Derivative of sin(x) - Proof and Explanation

Proof

\frac{d}{d x} [\sin (x)] & = {lim}_{h \to 0} \frac{\sin (x + h) - \sin (x)}{h} [2ex] & = {lim}_{h \to 0} \frac{\sin (x) \cos (h) + \sin (h) \cos (x) - \sin (x)}{h} [2ex] & = {lim}_{h \to 0} \frac{\sin (x) (\cos (h) - 1) + \sin (h) \cos (x)}{h} [2ex] & = {lim}_{h \to 0} \frac{\sin (x) (\cos (h) - 1)}{h} + {lim}_{h \to 0} \frac{\sin (h) \cos (x)}{h} [2ex] & = \sin (x) \cdot 0 + 1 \cdot \cos (x) [2ex] & = \cos (x)

Explanation

The proof begins by stating the definition of the derivative of a real function at a point.
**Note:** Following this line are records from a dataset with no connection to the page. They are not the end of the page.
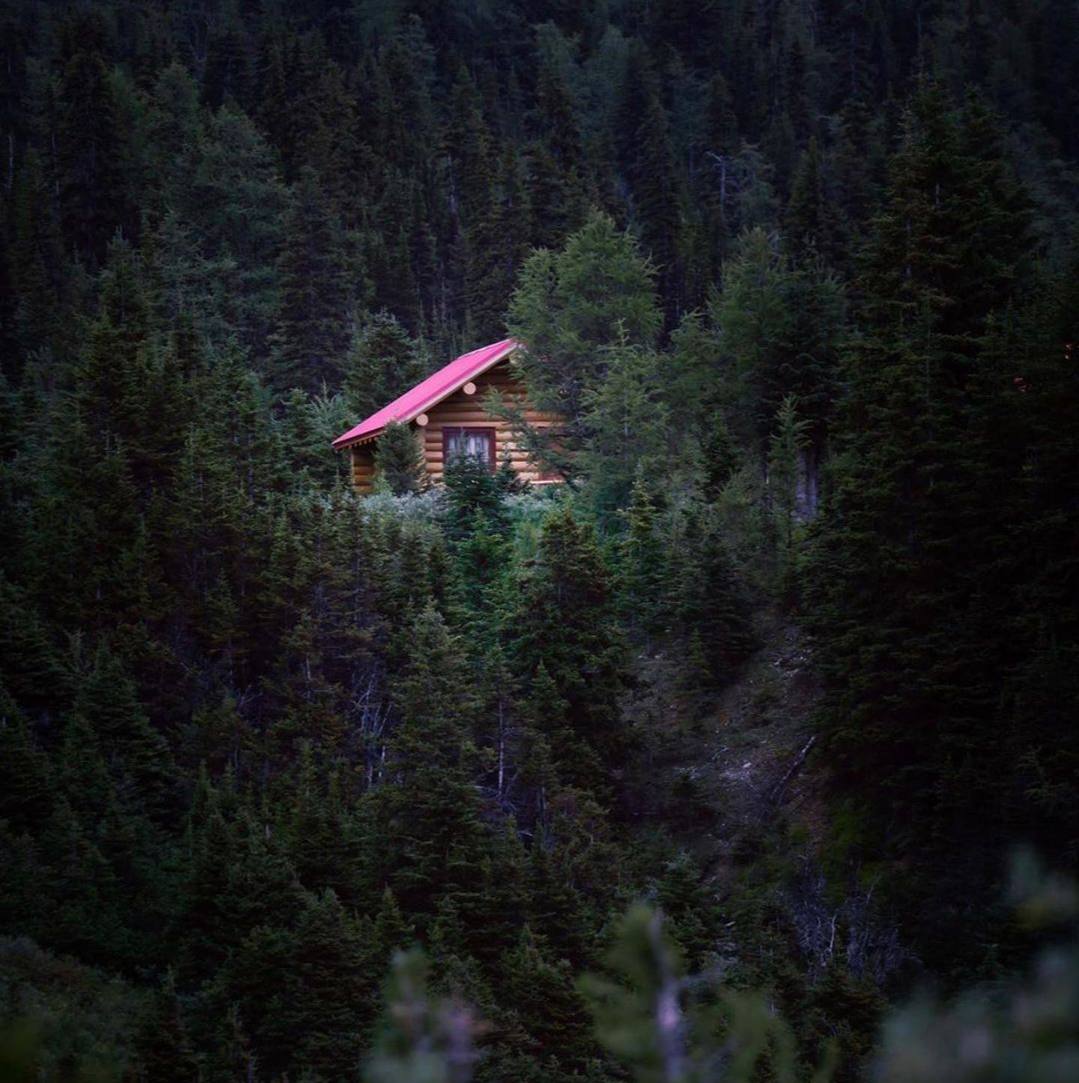 Холод, молчание и одиночество — вещи, которые завтра станут дороже золота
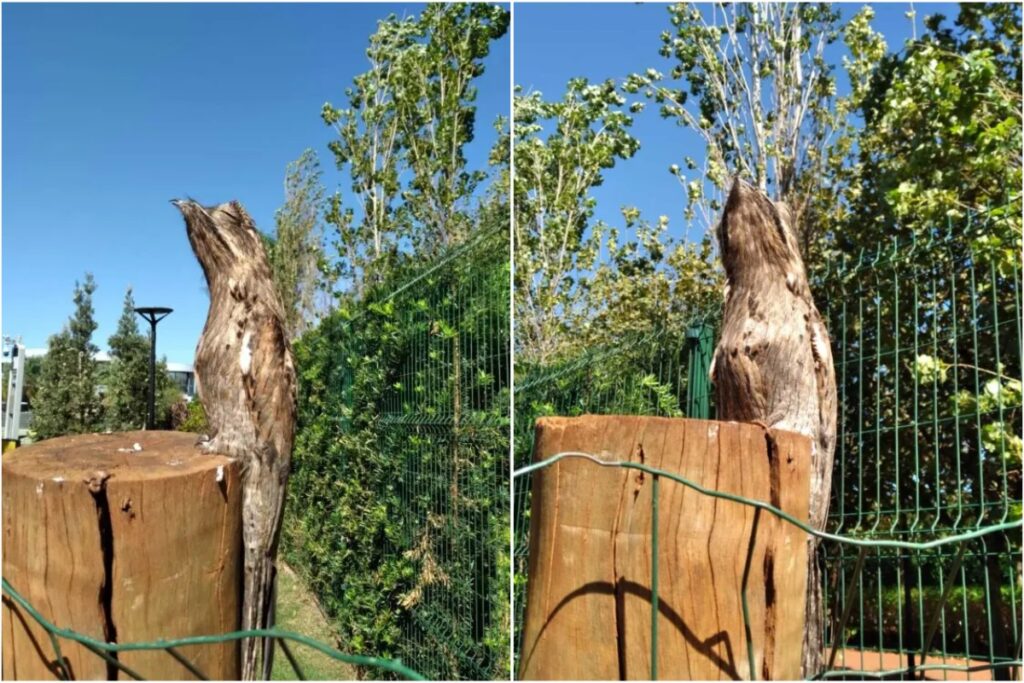 “ave-fantasma”-com-poder-de-camuflagem-intriga-moradores-do-parana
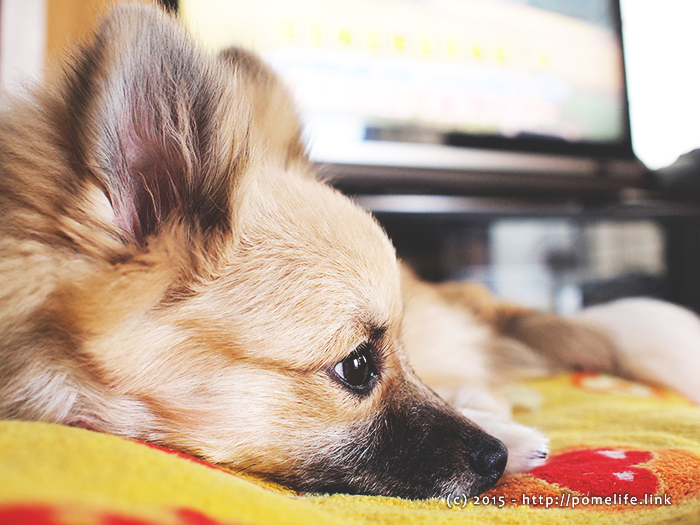 疲れたポメラニアン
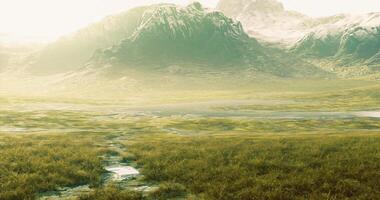 CGI Serene landscape of mountains and meadows under golden sunlight video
In this case, it’s the derivative of sine with respect to $x$ , which is the limit as $h$ approaches $0$ of $\frac{\sin (x + h) - \sin (x)}{h}$ .
The next step uses the trigonometric identity for the sine of a sum: $\sin (A + B) = \sin (A) \cos (B) + \cos (A) \sin (B)$ . Here, $A$ is $x$ and $B$ is $h$ . Applying this identity to $\sin (x + h)$ , we get: $\sin (x) \cos (h) + \sin (h) \cos (x)$ .
The numerator is then rearranged by collecting the terms containing $\sin (x)$ . Specifically, $\sin (x)$ is factored out from the terms involving it and $\sin (x) \cos (h) - \sin (x)$ is factored to $\sin (x) (\cos (h) - 1)$ , and $\sin (h) \cos (x)$ is left as is. The denominator $h$ remains unchanged.
The limit is split into two parts using the sum rule for limits. This rule states that the limit of a sum is equal to the sum of the limits, provided both limits exist. So we now have two limits: one for $\frac{\sin (x) (\cos (h) - 1)}{h}$ and another for $\frac{\sin (h) \cos (x)}{h}$ .
We can evaluate each of these limits separately. The limit of $\frac{\sin (h)}{h}$ as $h$ approaches $0$ is equal to $1$ (this is a standard limit). The limit of $\frac{\cos (h) - 1}{h}$ as $h$ approaches $0$ is equal to $0$ (this is another standard limit). When we multiply these limits by $\sin (x)$ and $\cos (x)$ respectively, we get $\sin (x) \cdot 0$ and $1 \cdot \cos (x)$ .
Adding these together as per the sum rule for limits, we get $0 + \cos (x)$ , which simplifies to $\cos (x)$ .

QED: Therefore, the derivative of $\sin (x)$ with respect to $x$ is $\cos (x)$ .